Tang is serving as a Chinese language teacher for one year in Sarasota through the College Board and Hanban Institute in China. He teaches in the mornings at Riverview and then in the afternoons at Suncoast Polytechnical High. The program recruits teachers from China to teach abroad under a three-year contract made possible from a state grant.
“I have been teaching for so long in (the same) background, and now I have the opportunity to teach different students in a totally different environment,” he says. “It’s exciting.”
Tang grew up in the small rural town of Jishou, in the People’s Republic of China.
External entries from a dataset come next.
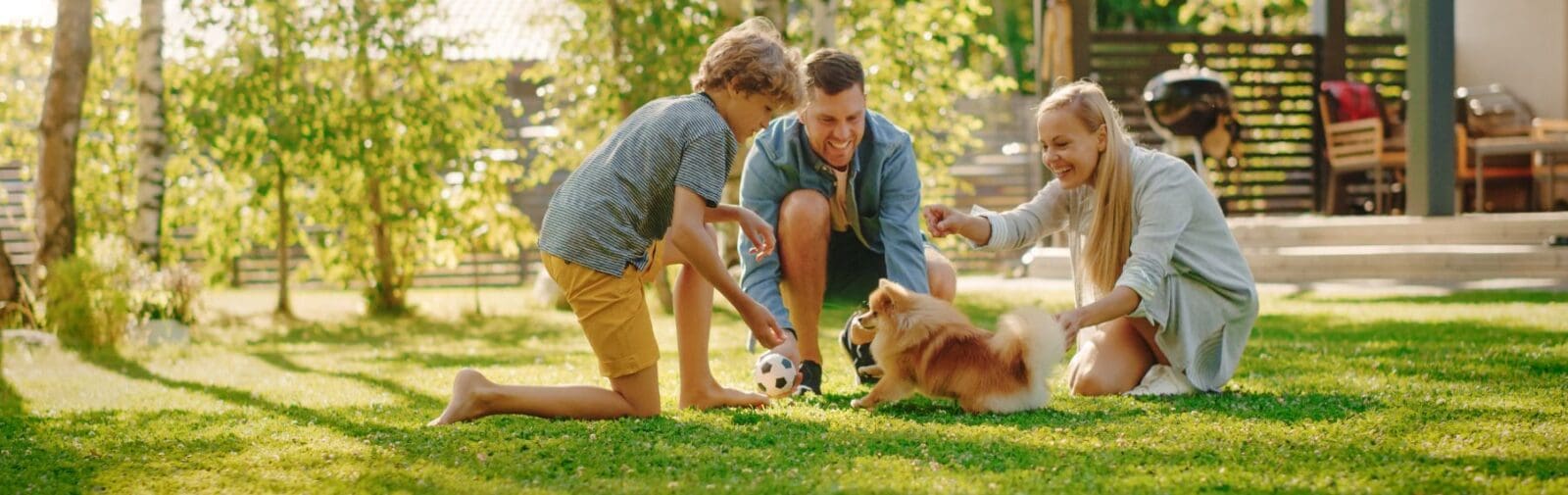 Find Your Perfect Puppy! banner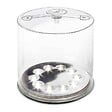 BIOLITE - LUCI Originale MATTE  - Lanterne Gonflable Solaire & Chargeur - vignette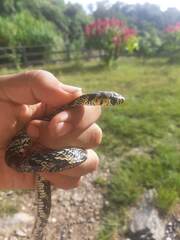 Spilotes pullatus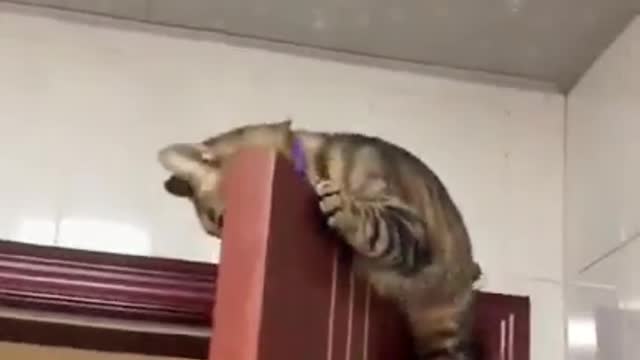 cats are cool and funny i love them so much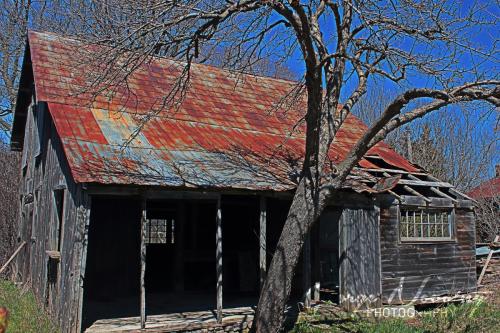 Shed near Picton 2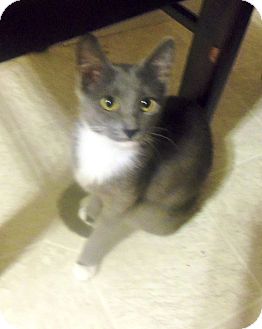 Domestic Mediumhair Cat for Sale in Simi Valley, California - Lily Domestic Mediumhair Cat for Sale in Simi Valley, California - Lily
He left to study English in a bigger town, and for the past 18 years he has taught English at the same university from which he graduated. He also spent some time studying English in the U.K. His wife and middle-school aged son still live in Jishou, which is a 12-hour time difference. He video chats with them on a weekly basis.
Tang calls himself a “techie,” which explains why he can go from teaching on paper flip-charts in China to using smart-board technology in Sarasota. He says the school system is more systematic and rigid in U.S. high schools than at his Chinese university. He also says American students ask more questions. It has been a different and challenging teaching experience, but he likes it so far, he says.
Riverview Principal Linda Nook says the school wanted to add more foreign-language options and was already looking for a local Chinese teacher, when the Sarasota County School District asked if the school wanted to be apart of the Chinese Guest Teacher Program.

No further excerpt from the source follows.